Specifications for the SBE 9 plus underwater unit are listed below:
|Parameter||Range||Initial accuracy||Resolution at 24 Hz||Response time|
|Temperature||-5 to 35°C||0.001°C||0.0002°C||0.065 sec|
|Conductivity||0 to 7 S m-1||0.0003 S m-1||0.00004 S m-1||0.065 sec (pumped)|
|Pressure||0 to full scale (1400, 2000, 4200, 6800 or 10500 m)||0.015% of full scale||0.001% of full scale||0.015 sec|
Further details can be found in the manufacturer's specification sheet.
Chelsea Technologies Group Aquatracka MKIII fluorometer
The Chelsea Technologies Group Aquatracka MKIII is a logarithmic response fluorometer. Filters are available to enable the instrument to measure chlorophyll, rhodamine, fluorescein and turbidity.
It uses a pulsed (5.5 Hz) xenon light source discharging along two signal paths to eliminate variations in the flashlamp intensity. The reference path measures the intensity of the light source whilst the signal path measures the intensity of the light emitted from the specimen under test. The reference signal and the emitted light signals are then applied to a ratiometric circuit. In this circuit, the ratio of returned signal to reference signal is computed and scaled logarithmically to achieve a wide dynamic range. The logarithmic conversion accuracy is maintained at better than one percent of the reading over the full output range of the instrument.
Two variants of the instrument are available, both manufactured in titanium, capable of operating in depths from shallow water down to 2000 m and 6000 m respectively. The optical characteristics of the instrument in its different detection modes are visible below:
* The wavelengths for the turbidity filters are customer selectable but must be in the range 400 to 700 nm. The same wavelength is used in the excitation path and the emission path.
The instrument measures chlorophyll a, rhodamine and fluorescein with a concentration range of 0.01 µg l-1 to 100 µg l-1. The concentration range for turbidity is 0.01 to 100 FTU (other wavelengths are available on request).

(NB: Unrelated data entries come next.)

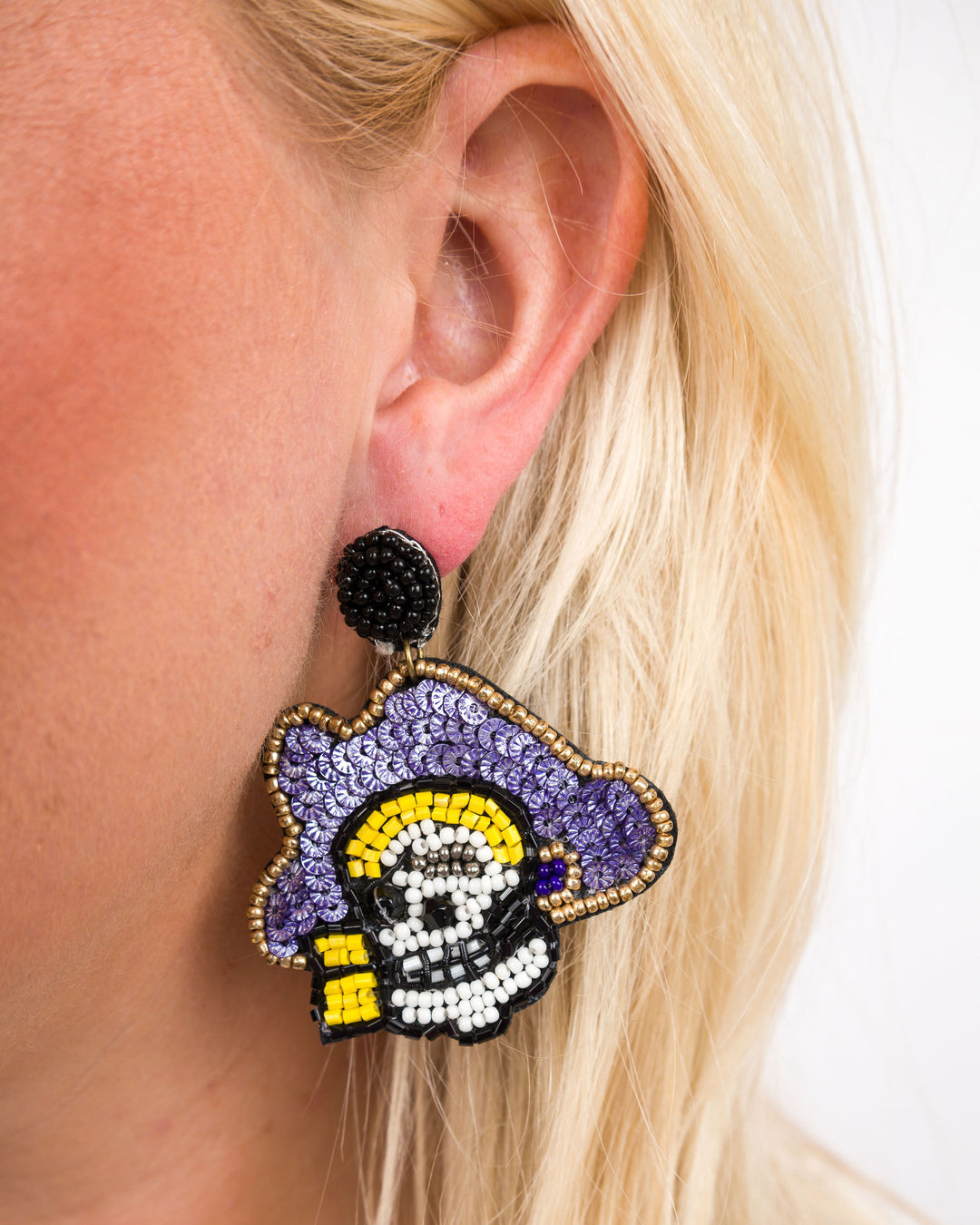 Collegiate Seed Bead Earrings ECU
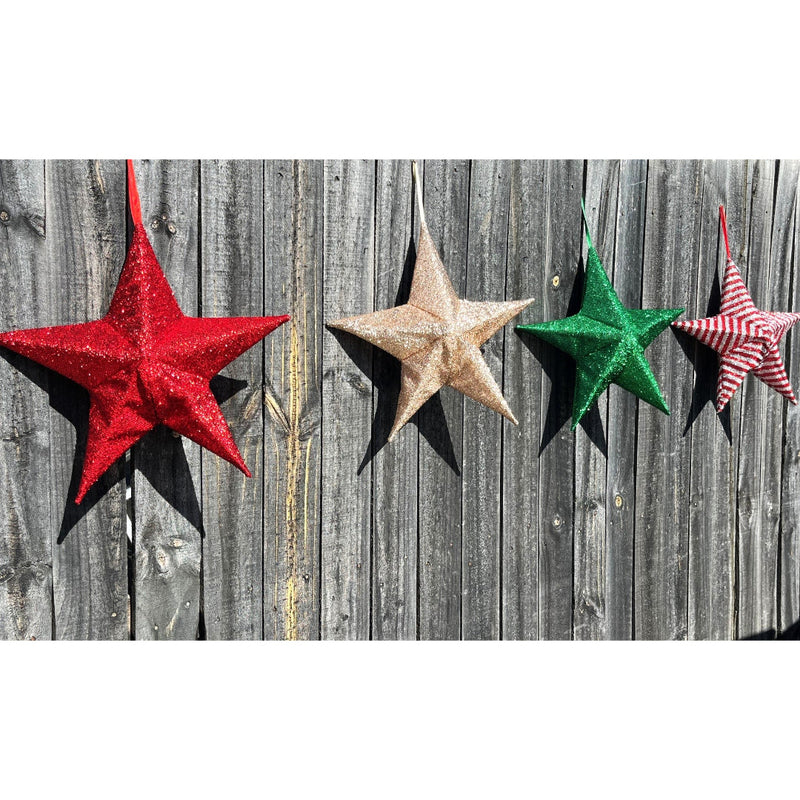 Pop-Up Tinsel Garden Star 40cm Assorted 7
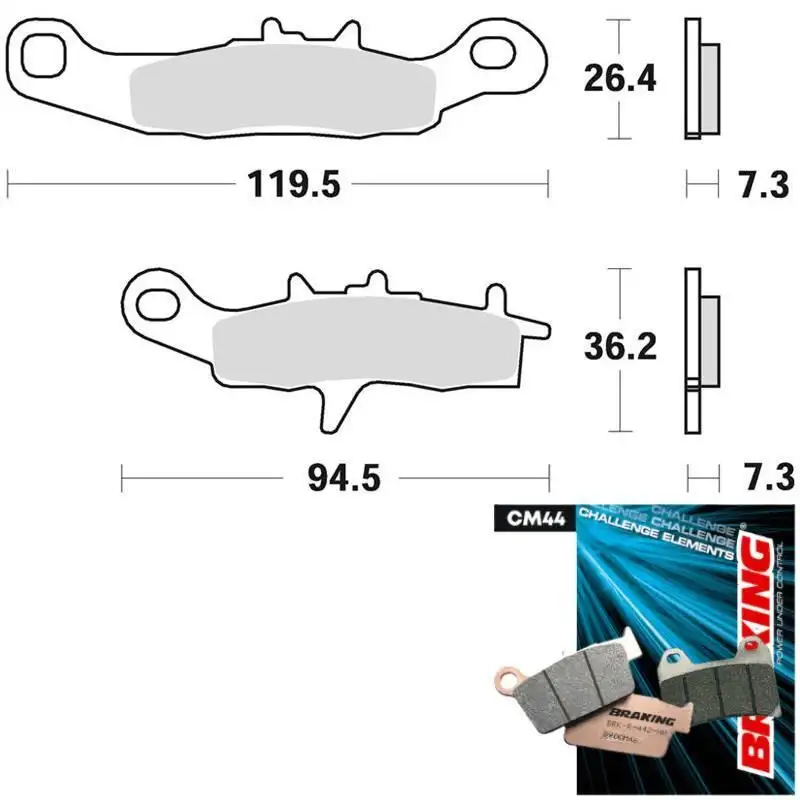 Pastiglie freno anteriori Braking per Kawasaki KX 80 97-99 - Mescola CM44 sinterizzata offroad 812CM44
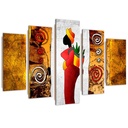 Cadre en hdf de cinq panneaux avec illustration de femme africaine imprimée sur papier multicolore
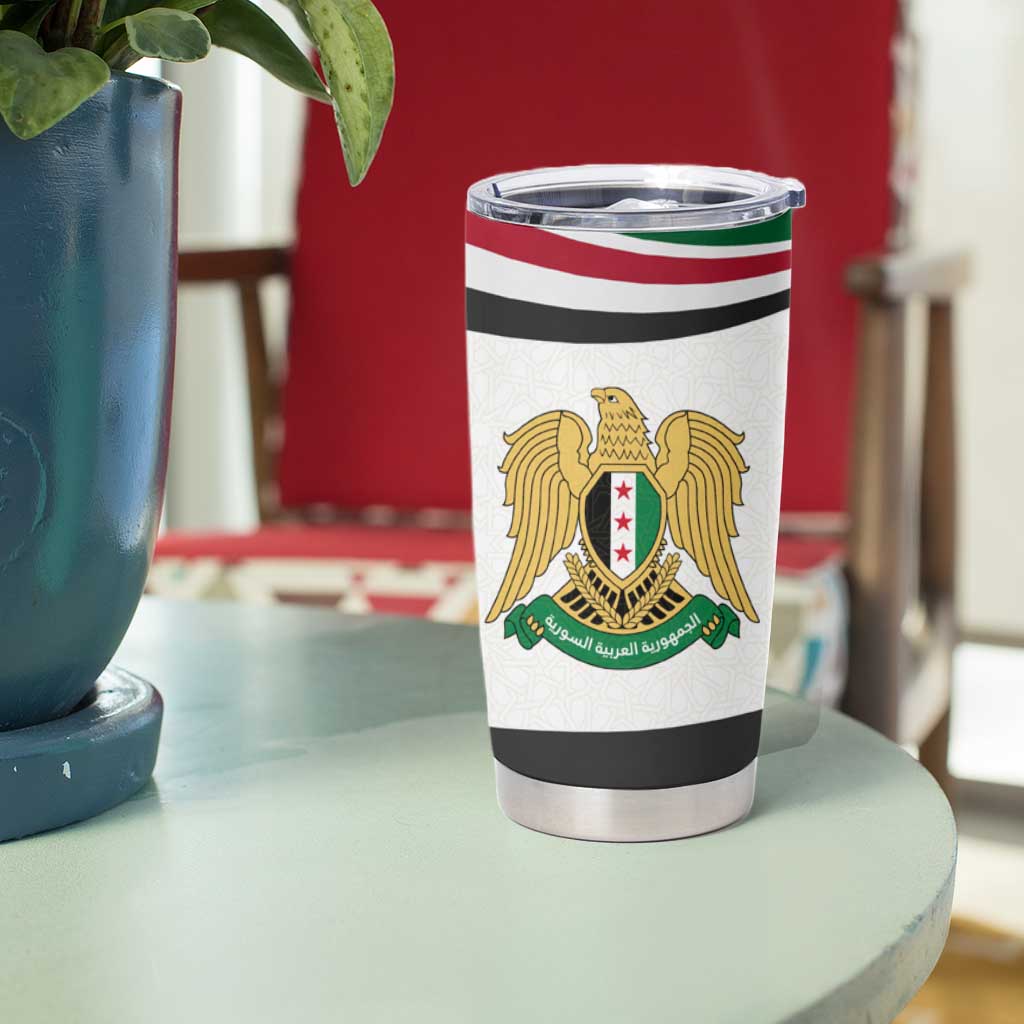 Syria Independence Day Tumbler Cup with National Flag and Emblem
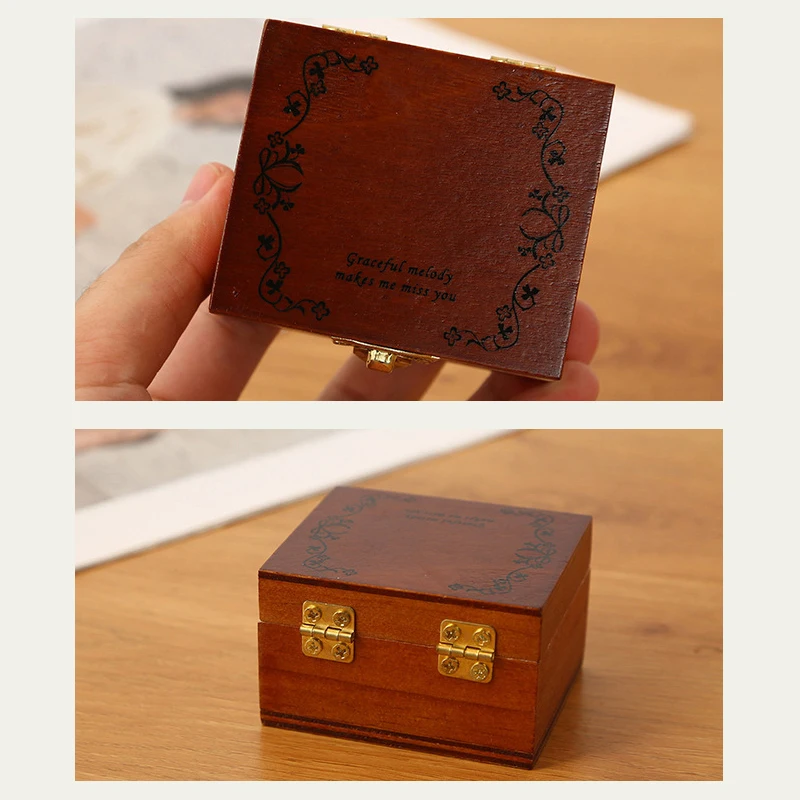 Ali-HMA76 1Pc 1:12 Dollhouse Miniature Vintage Wooden Suitcase Storage Box Toy for Children's Dollhouse Furniture Decoration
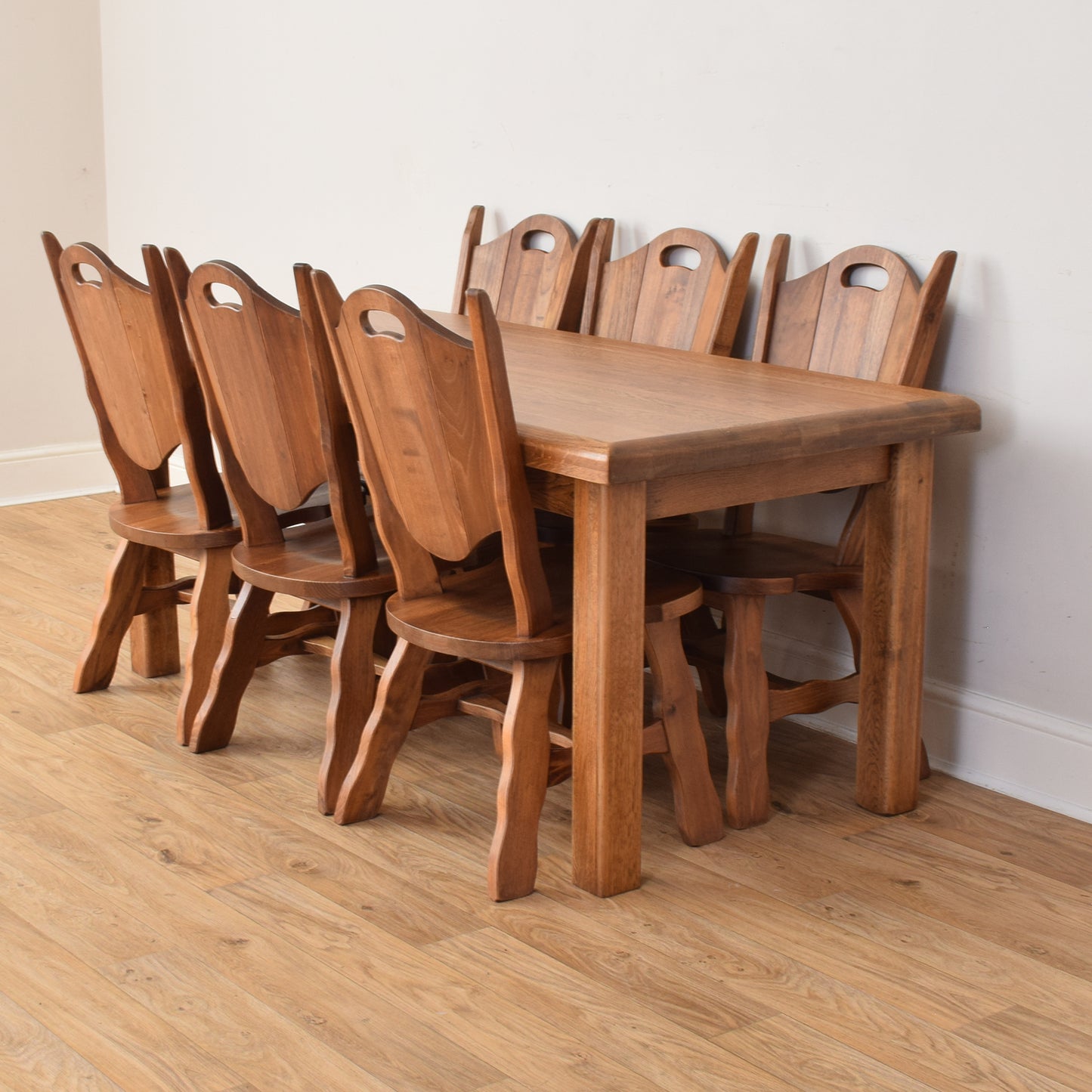 Dutch Oak Table And Six Chairs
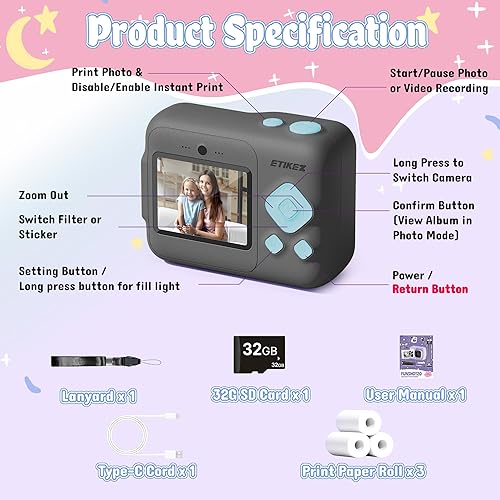 Miniatura 6 de Cámara para niños, cámara de impresión digital instantánea 1080P para niños, regalos de cumpleaños de Navidad para niñas de 4, 5, 6, 7, 8, 9, 10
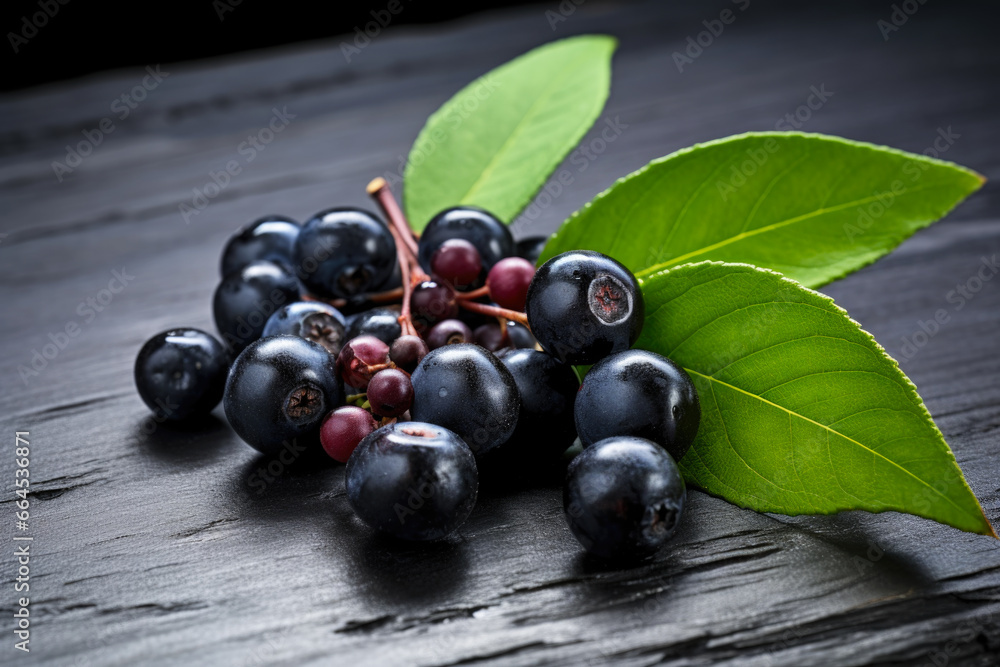 Fresh chokeberry on the table close up Fresh chokeberry on the table close up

The instrument accuracy is ± 0.02 µg l-1 (or ± 3% of the reading, whichever is greater) for chlorophyll a, rhodamine and fluorescein. The accuracy for turbidity, over a 0 - 10 FTU range, is ± 0.02 FTU (or ± 3% of the reading, whichever is greater).
Further details are available from the Aquatracka MKIII specification sheet.
Biospherical Instruments Log Quantum Cosine Irradiance Sensor QCD-905L
The QCD-905L is a submersible radiometer designed to measure irradiance over Photosynthetically Active Radiation (PAR) wavelengths (400-700 nm). It features a cosine directional response when fully immersed in water.
The sensor is a blue-enhanced high stability silicon photovoltaic detector with dielectric and absorbing glass filter assembly, and produces a logarithmic output. Normal output range is -1 to 6 volts with 1 volt per decade. Typically, the instrument outputs 5 volts for full sunlight and has a minimum output of 0.001% full sunlight, where typical noon solar irradiance is 1.5 to 2 x 1017 quanta cm-2 s-1. The instrument can be calibrated with constants for µE cm-2 s-1 or quanta cm-2 s-1.
The QCD-905L can be coupled to a fixed range data acquisition system like a CTD (Conductivity-Temperature-Depth) profiler or current meter. It has an aluminium and PET housing, and a depth rating of 7000 m.
|Wavelength||400 to 700 nm|
|Output range||-1 to 6 V, with 1 V decade-1|
|Operating temperature||-2 to 35°C|
|Depth range||0 - 7000 m|
Further details can be found in the manufacturer's manual.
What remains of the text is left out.